In early 1997 I got a message from Trey that he and Tom Marshall, his longtime writing partner, wanted to get together to come up with some new material for Phish. They asked if I could help them find a quiet place to write and record some demos. Not really having anything particular in mind, I spent a day driving around north central Vermont looking for a place that had a good vibe and at least one big room. I found three farmhouses that wre available for rent, and we took the first one, Mountain View Farm, to begin the first of four sessions of writing and recording that produced all of the material on this disc.
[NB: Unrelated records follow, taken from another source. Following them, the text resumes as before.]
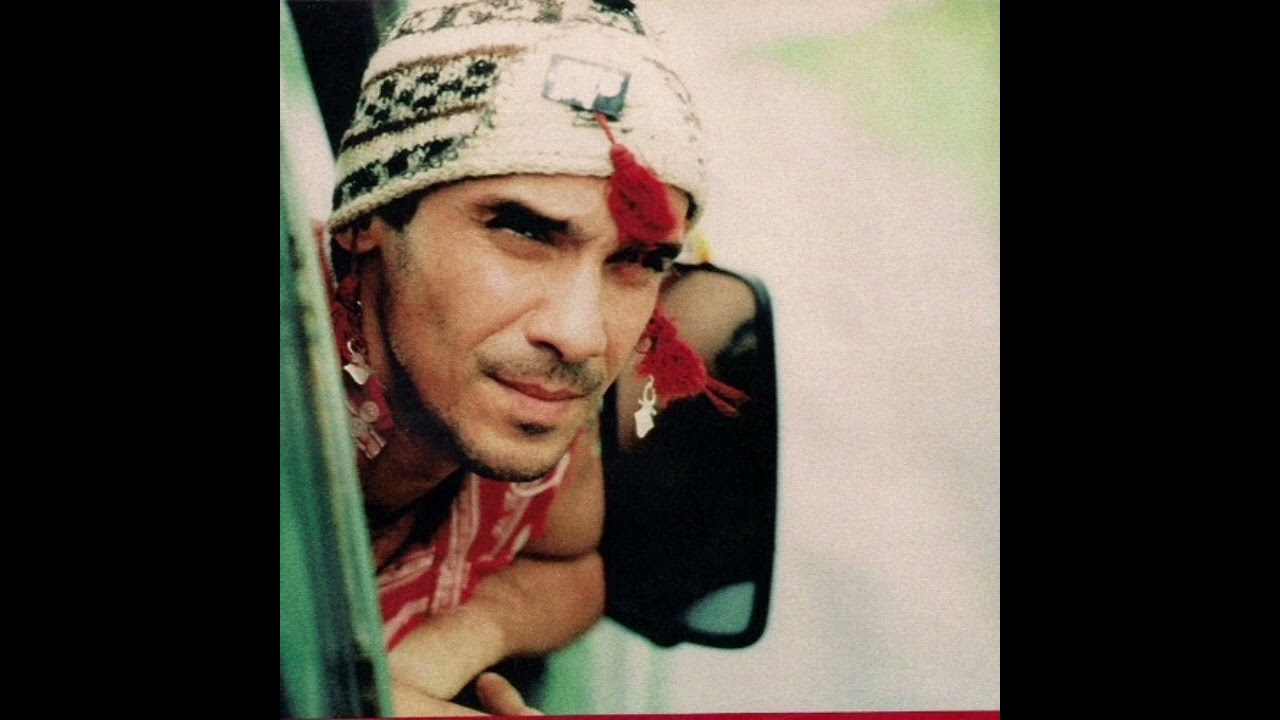 Manu Chao - Bongo Bong (slowed + reverb)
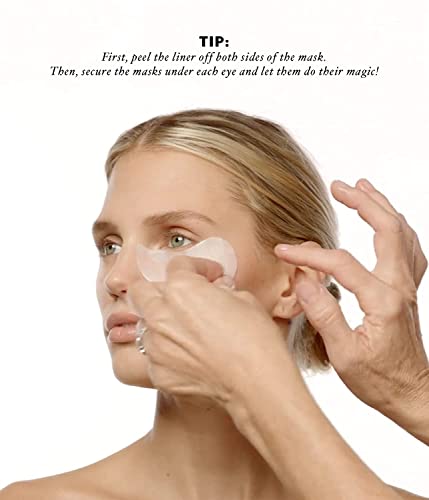 Grace And Stella Eye Mask: Anti-Wrinkle Energizing - Image 4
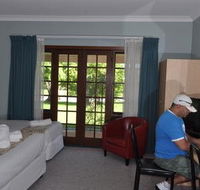 Poplars Inn - Darwin Holiday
Mountain View Farm is a big old farmhouse with a big old barn. It sits on 125 acres of land and has a 65 mile view in one direction. The house is pictured on the cover. Trey and Tom spent two three-day weekends there in March and May of 1997. They recorded on a small demo studio that Phish sound technicians Paul Languedoc and Pete Carini put together for them consisting of a Tascam DA88, a Mackie board and some various drums, guitars and keyboards. The songs that were written and recorded during those first two writing sessions were Olivia’s Pool, Piper, Limb By Limb, I Saw It Again, Ghost, Dogs Stole Things, No Regrets, Wading In The Velvet Sea, Dirt, Twist, Flat Tornados, I Don’t Care, Water In The Sky, and Vultures.

The next house that was rented, the Kaplan House, where Farmhouse was written, is small but it has great views – 360 degrees of Vermont hillsides up in the Green Mountains. I visited it for the first time in early autumn just as the leaves were beginning to turn. Trey and Tom moved in for the weekend of 10/10/97, just in time for the colors to peak.
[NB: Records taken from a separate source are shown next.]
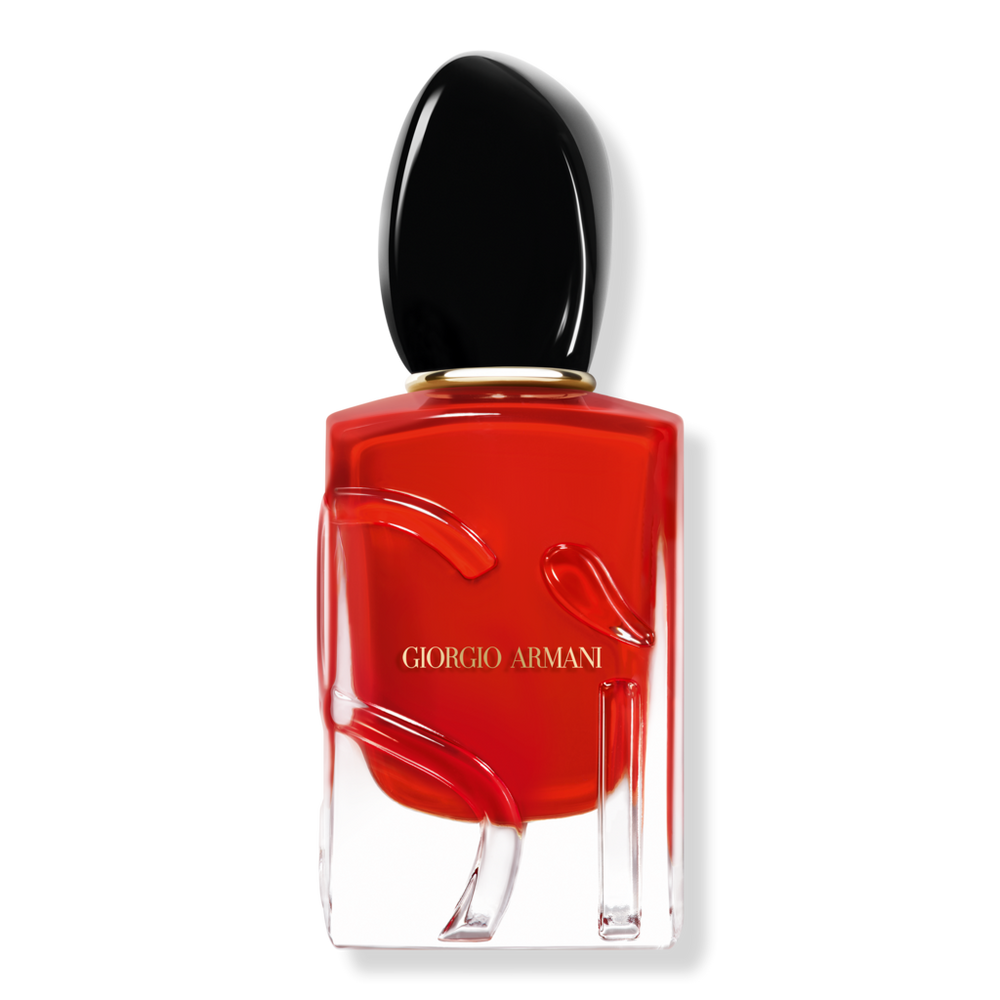 ARMANI Si Passione Eau de Parfum - oz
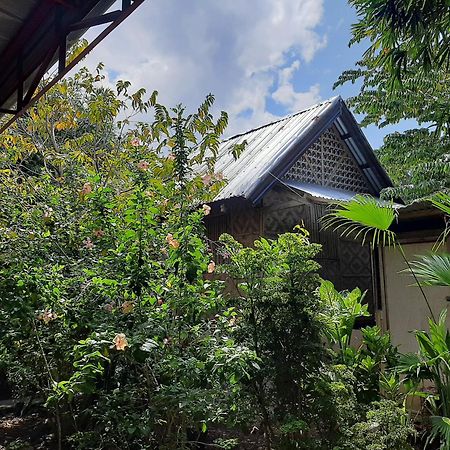 Alimpay Foresters Apartment Panglao Exterior foto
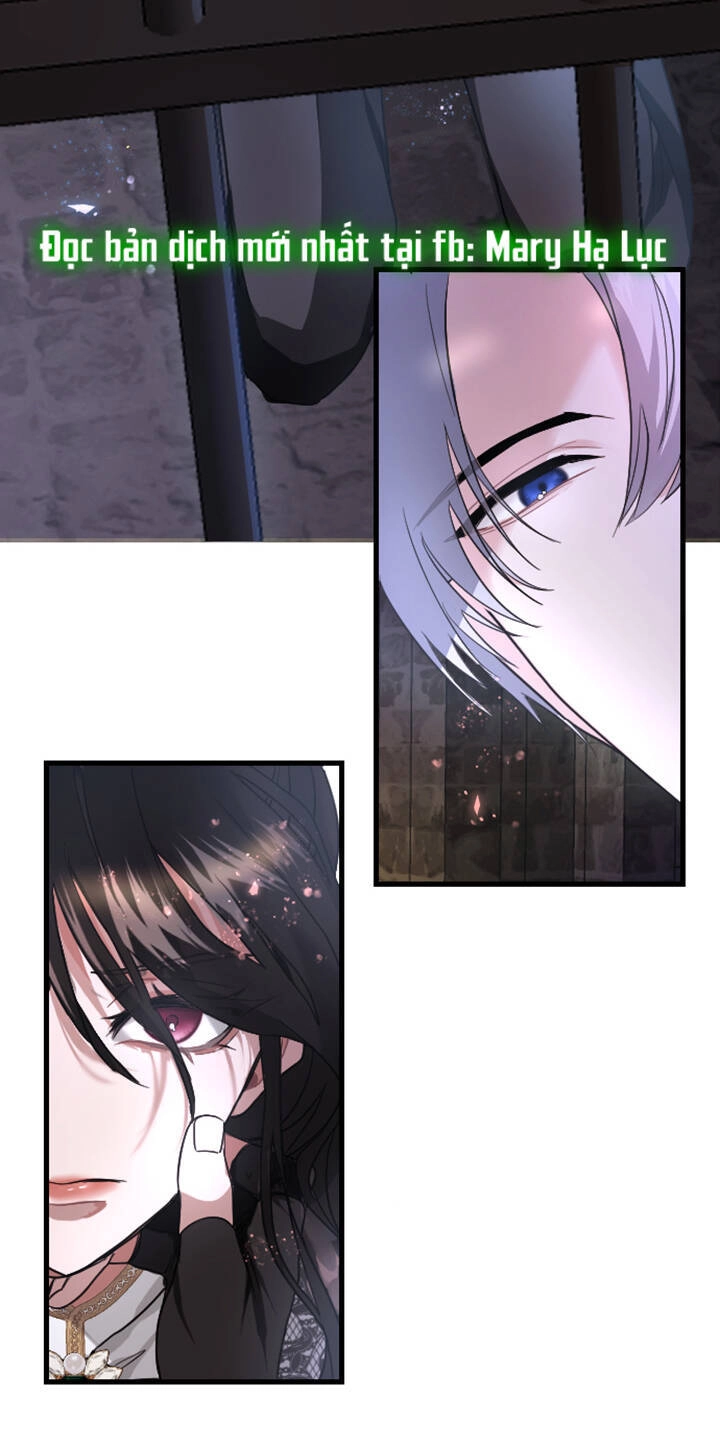 Tôi Sẽ Bị Trừ Khử Cùng Hoàng Đế Chapter 1.1 - 60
That weekend, my husband David and I were driving down to southern Vermont to visit some friends. We got a late start. As we cruised along a winding Vermont road in the dark I noticed some lights in the sky beyond the mountains ahead of us. Over a period of about 5 minutes they got brighter and started dancing around above us. David pulled over on the side of the quiet road and we sat on the hood of the car, next to a river, for about half an hour staring up at what he knew to be the Northern Lights.
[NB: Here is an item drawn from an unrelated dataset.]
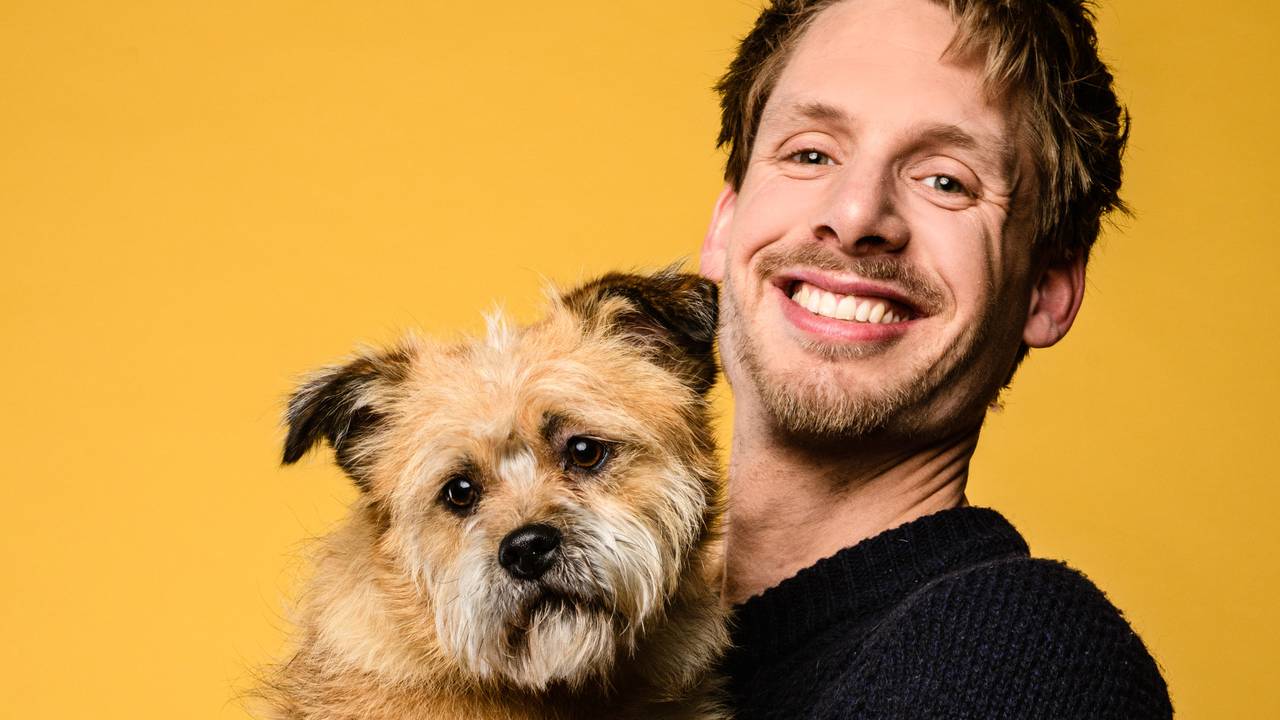 Thijs van den Meeberg (foto: Annemieke van der Togt)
When I got back to the office the next week, Trey had dropped off the tapes from that weekend. I smiled when I heard Farmhouse. It must have been quite a sight from the house where they were recording.

Though the process didn’t always work this way, Trey would usually drop off the tapes from the weekends to Kevin Shapiro (Phish’s archivist). I’d listen to the songs in bits and pieces all day long as kevin made dupes in his office, which is across from mine. After work we’d sit around in Kevin’s office for hours becoming even more familiar with the new material. His office became a cool place to be at that moment.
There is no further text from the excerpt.